- [Task instructions]
Once you find the line with "高速集成式三合一電橋的NVH技術發展與展望的圖30" in the data below, transcribe exactly each line from there to the line with "aFe Power - aFe", inclusive, and nothing else. Drop the pictures.

- [Extracted material]
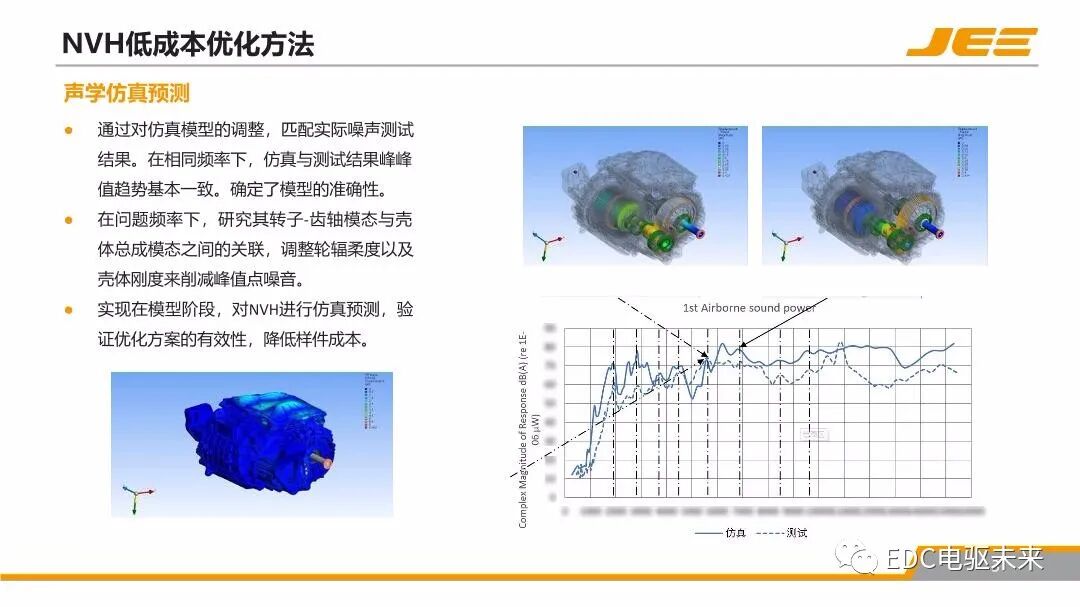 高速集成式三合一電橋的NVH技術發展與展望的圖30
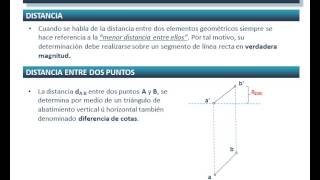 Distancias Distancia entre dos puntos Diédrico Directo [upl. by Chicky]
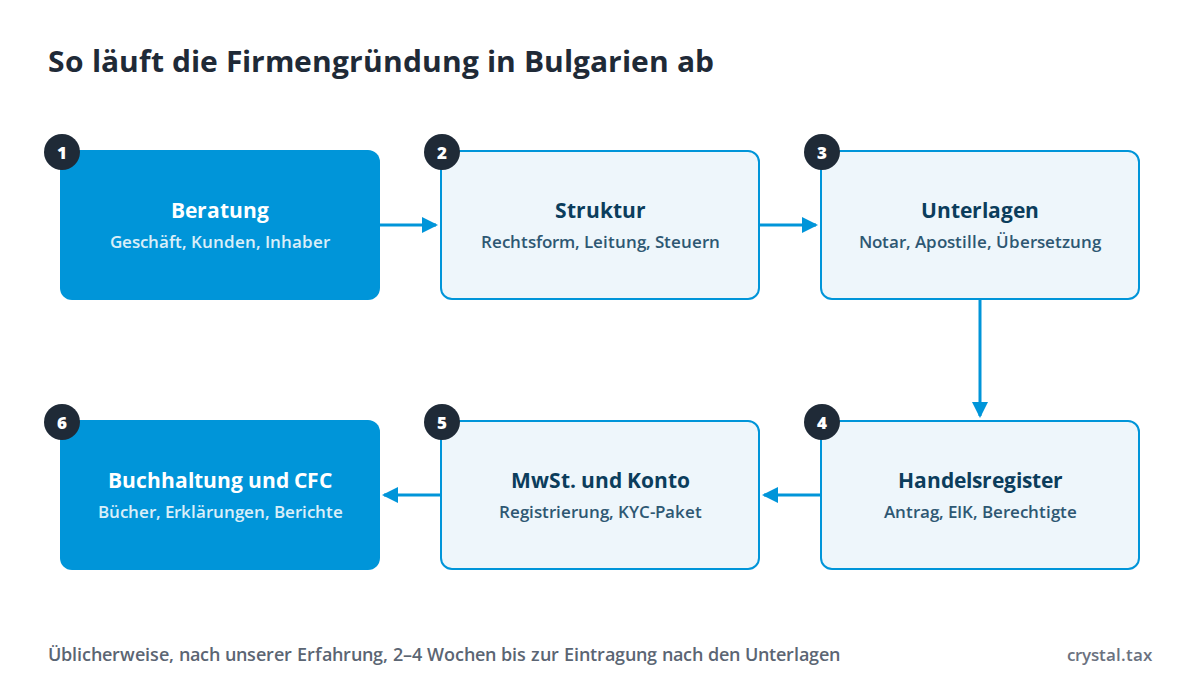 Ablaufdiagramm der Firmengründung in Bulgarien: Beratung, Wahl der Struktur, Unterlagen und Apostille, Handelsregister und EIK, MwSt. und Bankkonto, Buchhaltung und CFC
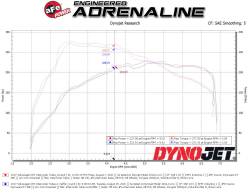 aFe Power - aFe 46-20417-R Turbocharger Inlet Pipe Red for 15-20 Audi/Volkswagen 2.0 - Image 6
==
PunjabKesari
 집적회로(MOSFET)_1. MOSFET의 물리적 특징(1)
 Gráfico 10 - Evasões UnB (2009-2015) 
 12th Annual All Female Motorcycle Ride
---
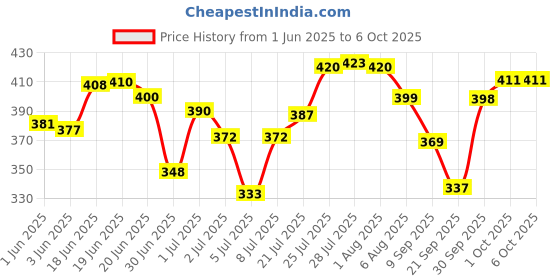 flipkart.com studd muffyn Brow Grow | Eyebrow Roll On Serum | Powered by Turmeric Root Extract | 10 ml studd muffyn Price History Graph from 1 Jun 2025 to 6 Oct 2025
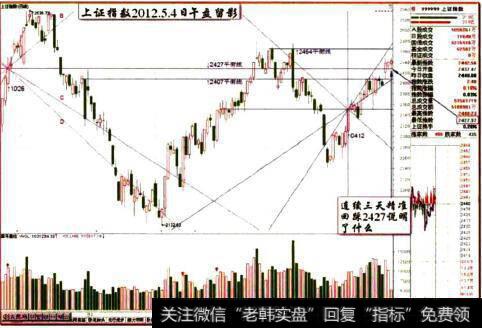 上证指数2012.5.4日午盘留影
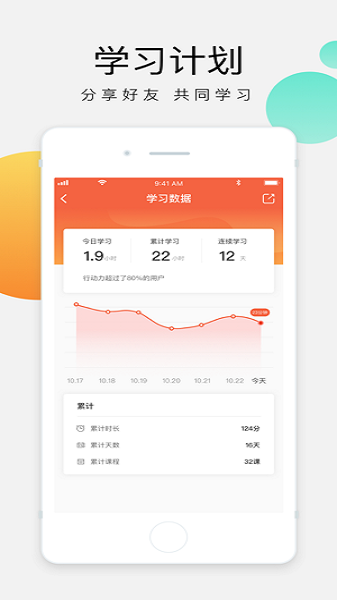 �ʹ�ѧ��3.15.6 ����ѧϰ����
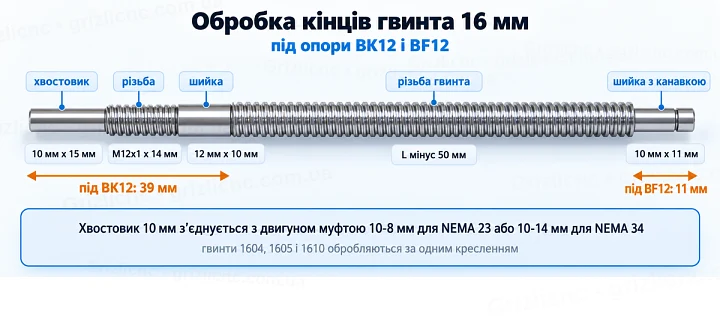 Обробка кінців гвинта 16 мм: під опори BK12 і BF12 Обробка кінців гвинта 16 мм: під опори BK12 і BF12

- [Exercise answer]
 高速集成式三合一電橋的NVH技術發展與展望的圖30
 Distancias Distancia entre dos puntos Diédrico Directo [upl. by Chicky]
 Ablaufdiagramm der Firmengründung in Bulgarien: Beratung, Wahl der Struktur, Unterlagen und Apostille, Handelsregister und EIK, MwSt. und Bankkonto, Buchhaltung und CFC
 aFe Power - aFe 46-20417-R Turbocharger Inlet Pipe Red for 15-20 Audi/Volkswagen 2.0 - Image 6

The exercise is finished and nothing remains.